It was through his first encounter with his sister’s future husband, an executive chef working for Holland America Line, that Driscoll found himself gravitating towards the cruise industry.
“I had come to a hole in my life – I’d been running a nightclub in my hometown for over a year and wanted to move on. The first time I spoke to him [the chef] he planted the seed in my head. I saw on P&O Cruises’ website that they were looking for a digital living presenter so I thought I would go for that.”
Following a six-month stint teaching IT skills to guests, Driscoll was approached by Carnival UK with the proposition of filling a new onboard marketing manager role.

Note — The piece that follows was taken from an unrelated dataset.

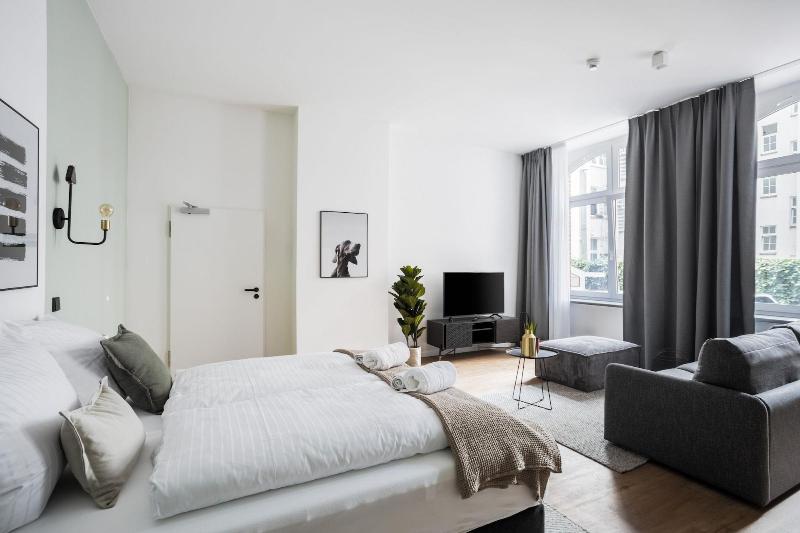 Limehome Erfurt Schmidtstedter StraÃŸe image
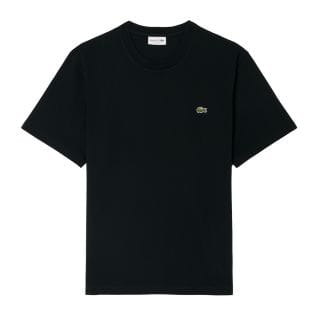 Lacoste Th7318 T Shirt Heavy Jersey Casual Uomo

He undertook several projects for Carnival UK, including marketing and communications for the launch of P&O Cruises’ Azura in 2010.
He was also a major stakeholder during the management of the company’s “Pride and Joy” concept, helping to improve the guest experience across the fleet. After working his way up to becoming the hotel operations and retail manager onboard Adonia, Driscoll’s skills were needed elsewhere.

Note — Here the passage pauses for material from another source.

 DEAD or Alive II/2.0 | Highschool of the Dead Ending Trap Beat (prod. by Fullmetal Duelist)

“I was approached to project manage the transformation of P&O Cruises’ Adonia into Fathom Adonia with the goal of bringing social impact cruising to the Dominican Republic and Cuba.”

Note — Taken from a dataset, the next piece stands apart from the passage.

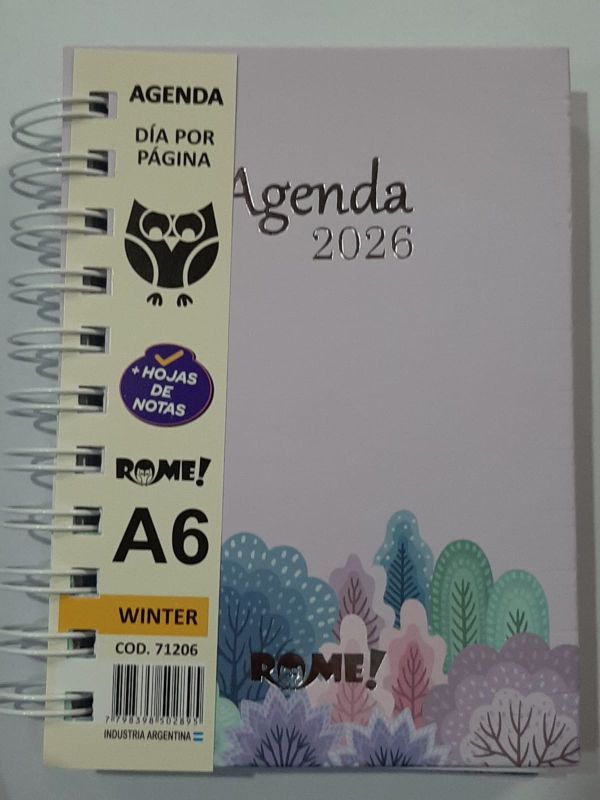 dia por dia A6  71206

Driscoll worked closely with his colleagues in the Fathom design team to implement their enhancements onboard the ship.
Following last week’s annoucement that Adonia would be returning to the P&O fleet, Driscoll will continue to work within his current remit until June 2017. The project has come full circle as he has been given the additional task of managing the return of the shop to the P&O fleet.
He’s rarely in one place for long, splitting his time between sailing on Adonia, working in Southampton (where he now lives) and flying to Miami to meet with the ship’s management teams.
He professes his involvement in the Fathom project as a career highlight. “Taking the ship to Cuba with 700 Americans onboard for the first time in over 50 years was phenomenal. Working alongside Arnold Donald, [chief executive, Carnival Corporation] Micky Arison [chairman, Carnival Corporation] and Tara Russell [president of Fathom] to make sure that this was the best cruise Carnival Corporation has ever done was an absolute privilege.”
The Fathom programme will continue to run as a shore excursion for other ships calling at Cuba and also to Amber Cove in the Dominican Republic.“P&O Cruises’ Azura will be offering a select range of Fathom Impact activities when it calls into this port,” he said.
Once Adonia’s transfer is complete, Driscoll’s journey is set to take yet another course but for now he can only allude to that. With regards to TTG’s Tomorrow’s Travel Leaders programme, Driscoll is already aware of its benefits; several of his Carnival UK colleagues have been members of previous cohorts.
“I’m looking forward to speaking to big players in the travel industry as a whole.”